Sosyal medyada “DM'ye kaymak” yaygınlaştı. Peki, aniden özel mesaj göndermek ne kadar etik? Dijital iletişimde sınırlar ve saygı üzerine düşündürücü detaylar. Sosyal medya artık sadece paylaşım değil, aynı zamanda birebir iletişimin de merkezi. Bu iletişimin en hızlı yollarından biri olan “DM” yani doğrudan mesaj, son yıllarda gençler arasında yeni bir sosyalleşme biçimi haline geldi. Özellikle “DM'ye kaymak” tabiri, beğeni sonrası aniden mesaj atma davranışını ifade ediyor. Ancak bu yaklaşım bazen sınır ihlali olarak da algılanabiliyor.

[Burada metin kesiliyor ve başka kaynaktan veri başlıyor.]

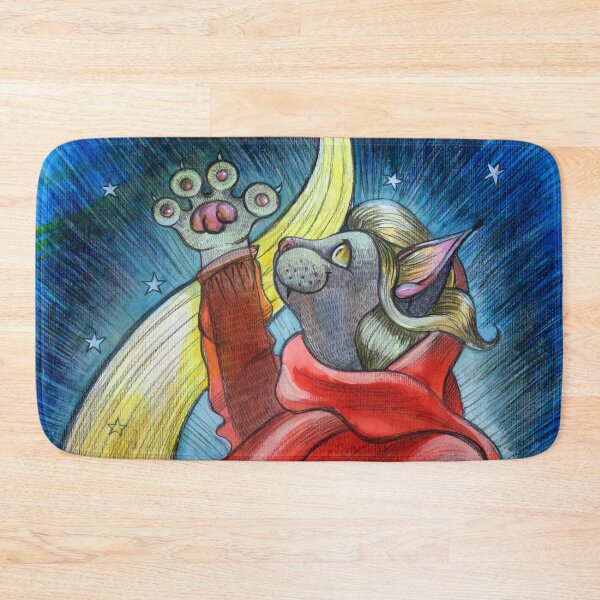 Item preview, "IN THE NAME OF CAT!" designed and sold by kradazhan.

Uzmanlar, karşılıklı bir tanışıklık ya da sinyal olmadan atılan özel mesajların, dijital nezaket kurallarını ihlal edebileceğini söylüyor. Sosyal medyada görünür olmak, her zaman iletişime açık olmak anlamına gelmiyor. Özellikle kadın kullanıcılar, izinsiz gelen mesajları rahatsız edici bulabiliyor.

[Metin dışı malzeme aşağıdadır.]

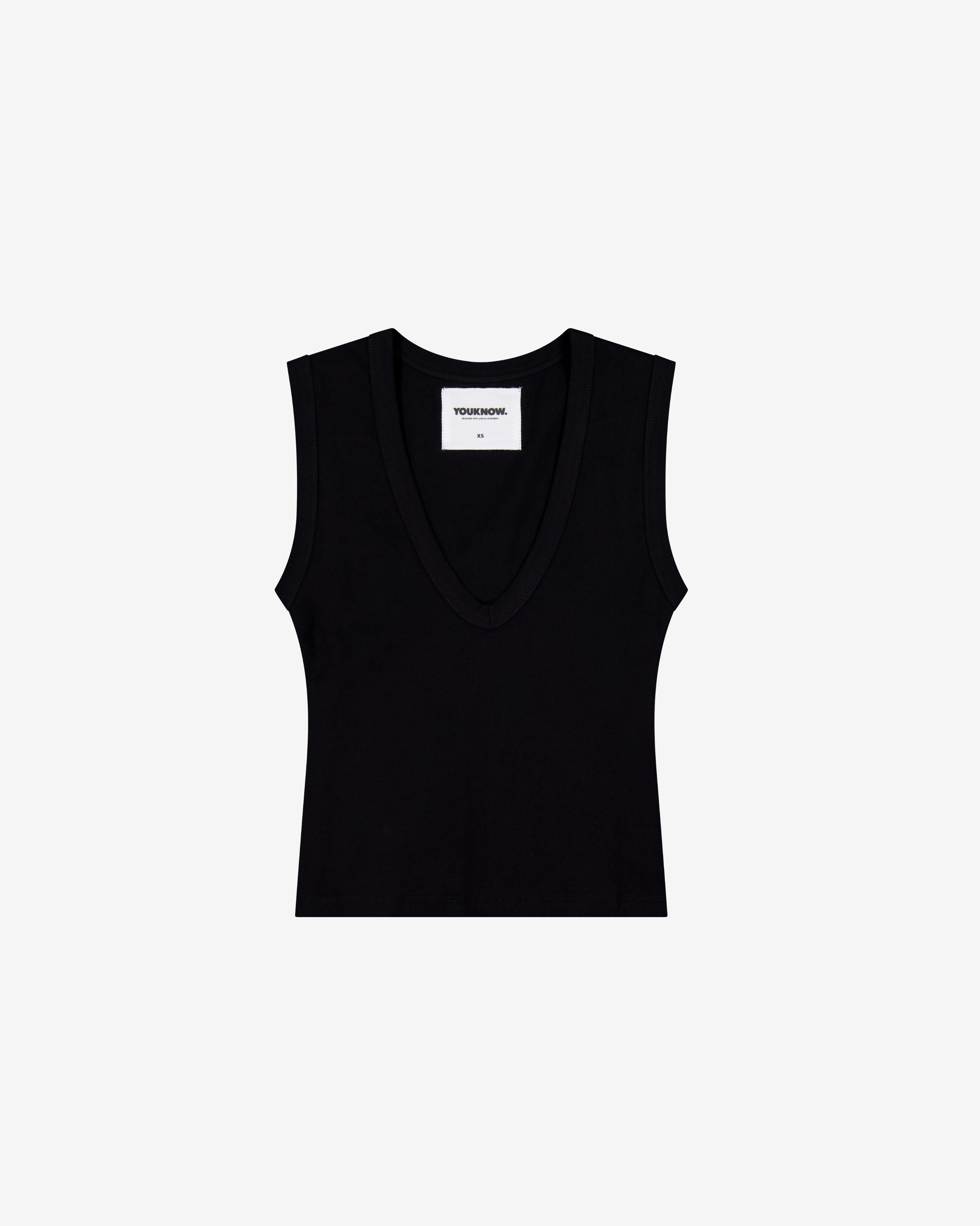 Nothing Deep V Tank | Tar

Psikologlar, dijital dünyada da yüz yüze iletişimde olduğu gibi sınırların korunması gerektiğini vurguluyor. Bir beğeni ya da hikâye görüntülemesi, mutlaka bir konuşma daveti değildir. Bu yüzden DM’ye kaymadan önce iki kere düşünmek, dijital dünyada da saygının temelini oluşturuyor.
Sosyal medya platformlarının da bu konuda kullanıcıları koruyacak gizlilik ayarlarını daha erişilebilir hale getirmesi bekleniyor. Dijital etik gelişiyor, bireylerin de bu yeni dünyada iletişim dilini gözden geçirmesi gerekiyor.